County Council turns thumbs down on property tax hike

During a regular meeting Tuesday, members of the Cache County Council rejected a proposal to increase county property taxes by 9.45 percent to raise revenue by nearly $1.5 million in 2022.

CACHE COUNTY – During a regular meeting Tuesday, the Cache County Council passed up the opportunity to vote the county a nearly $1.5 million increase in property taxes.

Within minutes after the meeting’s opening, council member Gordon Zilles moved that a Nov. 9 public hearing to discuss a proposed property tax increase for the 2022 county budget be cancelled. That motion was unanimously approved, following discussion of the tax hike issue at a workshop session earlier in the day.

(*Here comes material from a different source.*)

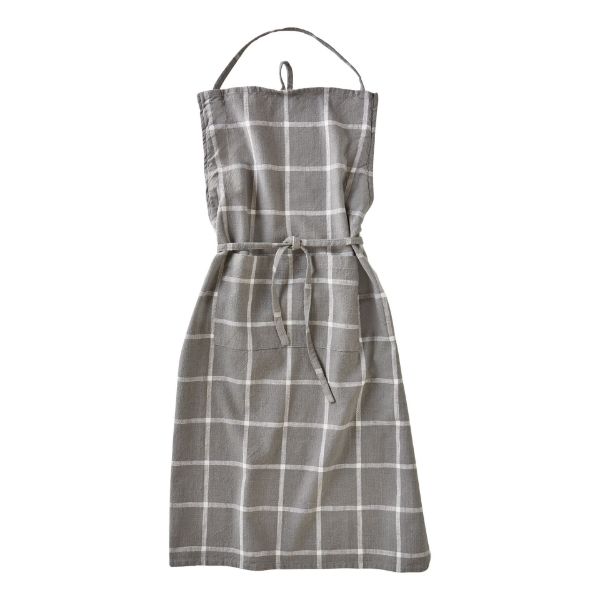 Picture of tag classic check slub apron - gray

When the proposed tax hike popped up later in the meeting’s agenda under Initial Proposals for Consideration, the panel’s members again dismissed it with minimal discussion.

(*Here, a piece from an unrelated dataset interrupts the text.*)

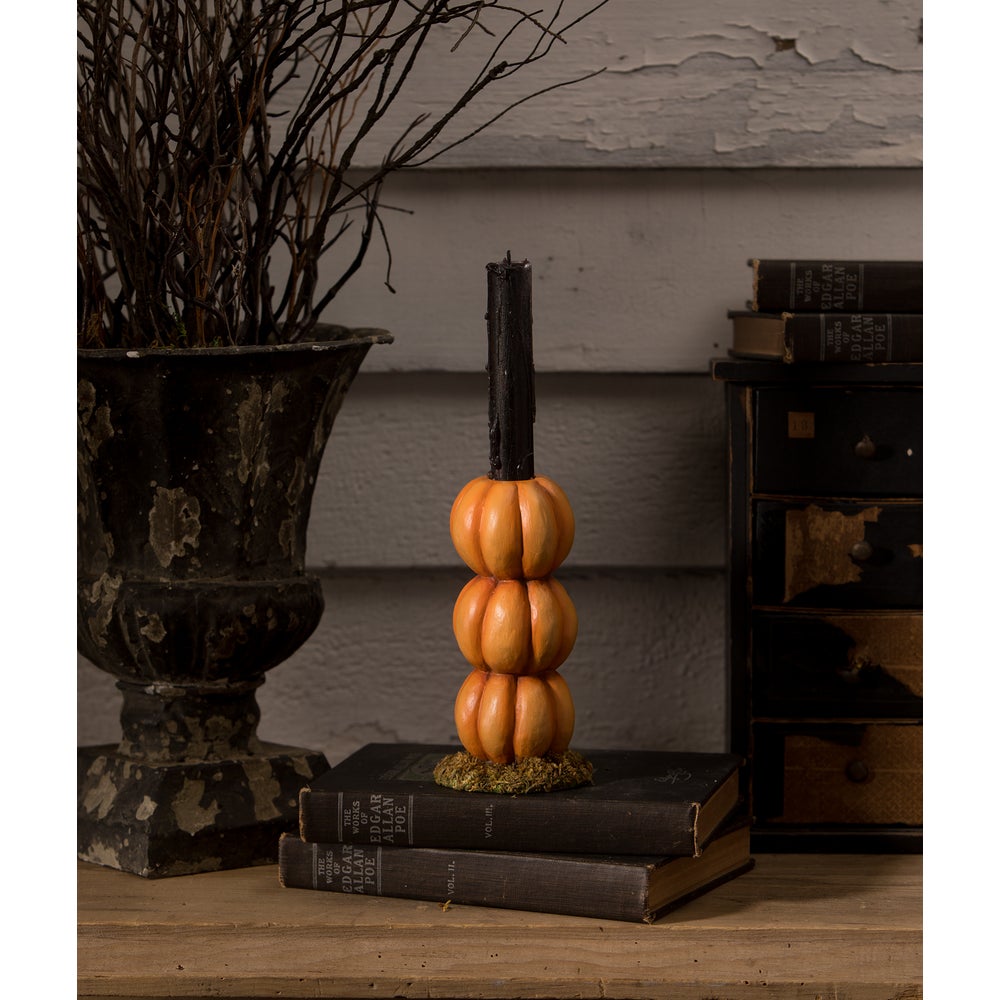 Pumpkin Stack Candlestick by Bethany Lowe Designs - Osadia Concept Store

That proposal was intended to “increase the property tax rate above the certified tax rate by approximately 9.45 percent in order to generate an estimated $1,490,000 in additional property tax revenue for the purpose of keeping up with inflation.”

We have been working very hard as a council to ensure that we didn’t have to do this,” council chair Gina H. Worthen explained. “We also appreciate our finance director (Cameron Jensen) working toward that as well. So I don’t know if we really need any discussion of this issue.”

Council member Karl B. Ward shared that opinion.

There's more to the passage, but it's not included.